Germany has banned travellers from the UK (until 17th February, for now). Thus, it was announced last Sunday, RB Leipzig will now host Liverpool in the Champions League on 16th February at the Puskas Arena in Hungarian capital Budapest. The next day, Manchester City were sent on the same trip for their 24th February tie against Borussia Monchengladbach. On Tuesday, Manchester United’s 18th February Europa League visit to Spain’s Real Sociedad was moved to Juventus’s Allianz Stadium in Turin, as Spain too has restricted UK in-coming.
Arsenal will join them in Italy that day, facing Portugal’s Benfica in Rome’s Stadio Olimpico. However, Portugal and the UK are mutual travel no-nos. So, while Man Yoo can host Sociedad at Old Trafford on 25th February, Arsenal’s “home” second leg against Lisbon-based Benfica that day will be at Olympiakos’s Stadium Georgios Karaiskakis in Greek capital Athens. Hundreds of miles of extra travel, then, because of travel… er… restrictions. As 200% editor Ian King tweeted on Thursday: “If you don’t see how stupid it is to send football clubs from Portugal and England to Italy and Greece to play football at the current time, I don’t know what to say.”
At least the EPL and English Football League (EFL) testing news remains good. A top detective could possibly name which two EPL players or staff tested positive in February’s first week (Lt. Colombo would know straight away but pursue them for an entire episode). And these are the best test results since records began. There were also two positive tests during the week commencing 19th October. But they came from 1,609 tests. Last week’s duo emerged from 2,970 tests. In the EFL over the same week, there were 16 positives from 5,470 tests, after 19 from 5.448 the previous week, with the only blot (dot?) on this landscape being the number of Covid-free clubs dropping from 65 to 64.
The leagues have yet to publish data on vaccinated staff. And they probably daren’t tell of any vaccinated players, after the furore surrounding National League top-flighters Chesterfield. No news on the promised investigation into the vaccination of three Spireites players and three staff. And the Daily Mail has moved on to stir other shit. But, in contrast, the club were this week praised for Covid honesty.
One of their players showed viral symptoms during the build-up to last Saturday’s FA Trophy tie at Aldershot, forcing Chesterfield to withdraw from the game an hour before kick-off. The player tested positive on Sunday. And with ten players forced into isolation, the club had to cede the tie and withdraw from the competition. Despite the late postponement, Shots boss Martin Searle appreciated Chesterfield’s attitude: “Fair play to Chesterfield. It must have crossed peoples’ mind to say ‘let’s leave that one.’ But it’s nice to see people taking this disease seriously and that peoples’ well-being is being put at the forefront of everything.”
Chesterfield’s next three National League games were postponed (starting with last Tuesday’s league trip to Aldershot… nothing personal, one assumes).
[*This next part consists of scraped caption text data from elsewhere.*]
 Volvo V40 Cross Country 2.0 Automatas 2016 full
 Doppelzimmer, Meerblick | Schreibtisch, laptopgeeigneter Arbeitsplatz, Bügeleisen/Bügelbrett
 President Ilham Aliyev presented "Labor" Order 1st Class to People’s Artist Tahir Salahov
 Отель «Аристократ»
And this could all-but-end their season given the current National League ‘situation,’ which is another story… this one, in fact.
No more news, either, of players having clandestine haircuts… or at least no more players dim enough to post barbershop pics on Instagram. And goalscorers continue to get as mobbed as ever, with continuing zero impact on Covid test results.
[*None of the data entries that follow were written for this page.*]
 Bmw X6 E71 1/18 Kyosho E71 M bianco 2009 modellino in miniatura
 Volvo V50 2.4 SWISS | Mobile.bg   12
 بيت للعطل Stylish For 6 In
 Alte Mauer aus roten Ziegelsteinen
In football, as in life, data is encouraging. I’m as virulent as any Covid variant in my criticism of this government. But their vaccine procurement and roll-out policies deserve equal praise. And a combo of all of the above suggests that the beginning of the end of football’s Covid crisis maybe perhaps on the horizon. Possibly (hope I’ve qualified that enough). As long as the government and the game make no more mistakes anyw …ah.